I would love to pour a concrete slab but unfortunately there is only one access route to the backyard and it is barely 2' wide so even wheelbarrowing concrete back there would be difficult. And using a pumping truck w/ crane would definitely blow the budget. However this project has been pushed to the fall so we'll see what the budget looks like then.
The main purpose of the building is for outdoor equipment storage as well as bikes and some patio furniture. So the heaviest thing in there will be a pushmower. But you never know what it may be used for in the future so I'd rather err on the strong side.


----------



## GBrackins (Apr 26, 2012)

GeauxCajuns82 said:


> Let me clear a few things up:
> 
> By "runner" I mean the four 2x8x16's
> By "lateral" I mean the 2x6x6's
> The main purpose of the building is for outdoor equipment storage as well as bikes and some patio furniture. So the heaviest thing in there will be a pushmower. But you never know what it may be used for in the future so I'd rather err on the strong side.

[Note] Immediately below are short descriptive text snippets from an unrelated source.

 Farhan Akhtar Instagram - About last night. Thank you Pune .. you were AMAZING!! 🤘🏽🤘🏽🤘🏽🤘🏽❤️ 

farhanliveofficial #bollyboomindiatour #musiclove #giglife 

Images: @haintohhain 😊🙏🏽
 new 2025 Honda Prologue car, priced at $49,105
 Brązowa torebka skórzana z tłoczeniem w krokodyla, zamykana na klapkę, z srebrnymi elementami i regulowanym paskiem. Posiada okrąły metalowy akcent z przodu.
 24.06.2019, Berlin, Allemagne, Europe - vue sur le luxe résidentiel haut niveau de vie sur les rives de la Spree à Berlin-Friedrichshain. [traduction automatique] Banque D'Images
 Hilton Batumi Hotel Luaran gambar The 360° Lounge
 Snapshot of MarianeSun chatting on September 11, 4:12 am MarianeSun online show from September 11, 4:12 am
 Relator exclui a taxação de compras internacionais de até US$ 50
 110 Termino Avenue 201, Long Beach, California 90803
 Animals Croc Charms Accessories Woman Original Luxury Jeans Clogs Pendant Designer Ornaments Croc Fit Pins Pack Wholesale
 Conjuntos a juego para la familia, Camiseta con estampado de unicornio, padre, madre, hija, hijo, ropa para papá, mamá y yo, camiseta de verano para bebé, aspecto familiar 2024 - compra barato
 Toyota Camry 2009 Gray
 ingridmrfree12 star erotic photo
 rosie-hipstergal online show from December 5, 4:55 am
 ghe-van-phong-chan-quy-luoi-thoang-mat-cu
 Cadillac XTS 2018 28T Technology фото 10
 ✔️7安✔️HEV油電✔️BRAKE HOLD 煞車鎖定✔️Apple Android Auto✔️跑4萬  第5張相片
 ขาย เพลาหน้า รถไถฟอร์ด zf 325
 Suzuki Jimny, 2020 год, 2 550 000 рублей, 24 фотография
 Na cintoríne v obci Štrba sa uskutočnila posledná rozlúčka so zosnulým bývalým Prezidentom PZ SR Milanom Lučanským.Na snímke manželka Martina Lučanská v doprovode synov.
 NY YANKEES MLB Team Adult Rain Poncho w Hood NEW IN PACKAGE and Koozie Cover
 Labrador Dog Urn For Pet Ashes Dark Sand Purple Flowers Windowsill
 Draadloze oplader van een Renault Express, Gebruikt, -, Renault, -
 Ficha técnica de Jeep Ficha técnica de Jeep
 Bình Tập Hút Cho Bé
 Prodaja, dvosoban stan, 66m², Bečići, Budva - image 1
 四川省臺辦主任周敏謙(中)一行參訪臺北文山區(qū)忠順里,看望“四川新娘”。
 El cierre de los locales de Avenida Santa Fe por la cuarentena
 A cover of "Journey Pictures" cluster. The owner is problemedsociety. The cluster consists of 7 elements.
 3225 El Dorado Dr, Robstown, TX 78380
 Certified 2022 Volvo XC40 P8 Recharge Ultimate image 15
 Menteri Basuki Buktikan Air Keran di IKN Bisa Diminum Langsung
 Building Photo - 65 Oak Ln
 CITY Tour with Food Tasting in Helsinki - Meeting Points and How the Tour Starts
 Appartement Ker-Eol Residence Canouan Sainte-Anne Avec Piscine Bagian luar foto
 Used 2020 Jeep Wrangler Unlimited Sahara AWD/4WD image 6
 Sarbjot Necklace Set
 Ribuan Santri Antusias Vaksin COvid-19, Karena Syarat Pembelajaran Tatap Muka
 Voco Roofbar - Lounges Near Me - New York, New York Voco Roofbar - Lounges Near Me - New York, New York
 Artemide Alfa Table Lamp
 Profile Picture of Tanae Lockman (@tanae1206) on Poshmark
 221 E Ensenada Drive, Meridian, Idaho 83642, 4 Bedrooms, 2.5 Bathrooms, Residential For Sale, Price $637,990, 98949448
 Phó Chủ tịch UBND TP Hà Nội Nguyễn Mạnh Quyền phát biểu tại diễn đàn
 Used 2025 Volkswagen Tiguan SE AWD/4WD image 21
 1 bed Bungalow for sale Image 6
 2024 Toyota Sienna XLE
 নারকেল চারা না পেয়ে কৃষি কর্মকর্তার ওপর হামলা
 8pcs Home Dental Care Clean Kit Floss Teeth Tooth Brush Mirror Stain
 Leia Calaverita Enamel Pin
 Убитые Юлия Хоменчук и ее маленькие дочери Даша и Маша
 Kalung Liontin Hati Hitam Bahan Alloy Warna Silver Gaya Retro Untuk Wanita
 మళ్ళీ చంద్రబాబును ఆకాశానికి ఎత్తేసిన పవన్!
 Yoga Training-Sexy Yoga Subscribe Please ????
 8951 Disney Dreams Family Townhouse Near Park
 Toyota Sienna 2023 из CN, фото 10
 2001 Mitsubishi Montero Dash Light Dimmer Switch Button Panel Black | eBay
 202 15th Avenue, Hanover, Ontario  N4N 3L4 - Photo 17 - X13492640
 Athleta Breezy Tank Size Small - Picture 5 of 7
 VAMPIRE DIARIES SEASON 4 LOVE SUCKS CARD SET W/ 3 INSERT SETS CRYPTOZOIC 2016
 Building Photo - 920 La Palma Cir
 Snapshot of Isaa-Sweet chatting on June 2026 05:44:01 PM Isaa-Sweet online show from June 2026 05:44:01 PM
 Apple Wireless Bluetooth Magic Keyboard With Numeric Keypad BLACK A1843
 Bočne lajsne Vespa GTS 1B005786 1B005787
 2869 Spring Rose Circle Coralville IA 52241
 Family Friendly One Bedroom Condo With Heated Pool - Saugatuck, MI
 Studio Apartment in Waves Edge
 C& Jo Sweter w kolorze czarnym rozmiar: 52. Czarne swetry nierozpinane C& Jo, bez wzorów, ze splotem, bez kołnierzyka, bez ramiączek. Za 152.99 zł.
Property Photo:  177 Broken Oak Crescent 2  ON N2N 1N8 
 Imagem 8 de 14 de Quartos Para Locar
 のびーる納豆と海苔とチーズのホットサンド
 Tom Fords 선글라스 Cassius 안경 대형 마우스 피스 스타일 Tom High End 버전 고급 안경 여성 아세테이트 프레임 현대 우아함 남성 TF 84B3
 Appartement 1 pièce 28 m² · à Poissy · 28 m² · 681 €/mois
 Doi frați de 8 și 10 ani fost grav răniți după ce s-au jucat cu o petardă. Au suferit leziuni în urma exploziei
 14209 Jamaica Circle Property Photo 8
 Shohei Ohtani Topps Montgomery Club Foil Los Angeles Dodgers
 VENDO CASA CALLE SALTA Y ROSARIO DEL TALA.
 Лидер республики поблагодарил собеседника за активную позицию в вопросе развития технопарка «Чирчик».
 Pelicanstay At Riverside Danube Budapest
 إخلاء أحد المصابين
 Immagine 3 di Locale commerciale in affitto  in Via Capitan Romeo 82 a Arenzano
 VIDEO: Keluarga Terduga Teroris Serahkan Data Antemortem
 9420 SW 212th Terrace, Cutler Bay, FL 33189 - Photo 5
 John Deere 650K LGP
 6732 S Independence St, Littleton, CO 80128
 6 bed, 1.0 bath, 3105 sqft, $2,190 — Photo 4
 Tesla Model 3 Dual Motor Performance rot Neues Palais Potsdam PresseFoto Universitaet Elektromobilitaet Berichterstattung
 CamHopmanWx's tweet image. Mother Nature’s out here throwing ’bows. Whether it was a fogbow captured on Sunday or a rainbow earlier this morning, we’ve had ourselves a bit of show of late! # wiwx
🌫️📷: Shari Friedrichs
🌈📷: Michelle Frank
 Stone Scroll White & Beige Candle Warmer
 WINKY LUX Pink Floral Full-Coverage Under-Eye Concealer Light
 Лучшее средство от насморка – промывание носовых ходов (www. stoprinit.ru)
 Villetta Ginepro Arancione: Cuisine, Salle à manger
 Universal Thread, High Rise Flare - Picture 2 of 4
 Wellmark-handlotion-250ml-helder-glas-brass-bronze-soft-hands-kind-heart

I would recommend (2)2x12 for your runners, the center runner support 1/2" of the floor load of your shed.

the outer runners (under the load bearing walls) support the weight of the wall plus 1/2 the weight of the roof, and 1/4 the floor load

your laterals can be 2x6 at 16" o.c., but I'd recommend 2x8 at 16" o.c., the taller the better as that will provide you with less bounce or vibration

The live load I used is more than what would be required for your living room.

Good luck! :thumbsup:


----------



## stadry (Jun 20, 2009)

funny thing about sheds & garages,,, IF you have the space, you'll fill it :laughing: the corrolary is whatever you use to fill it will always weigh more than you thought :thumbsup: MUCH easier to build it stout now rather'n later when you notice sagging floors :laughing:


----------



## jagans (Oct 21, 2012)

How about renting a couple of motorized Georgia Buggy's? You could pour a monolithic slab down where you are.


----------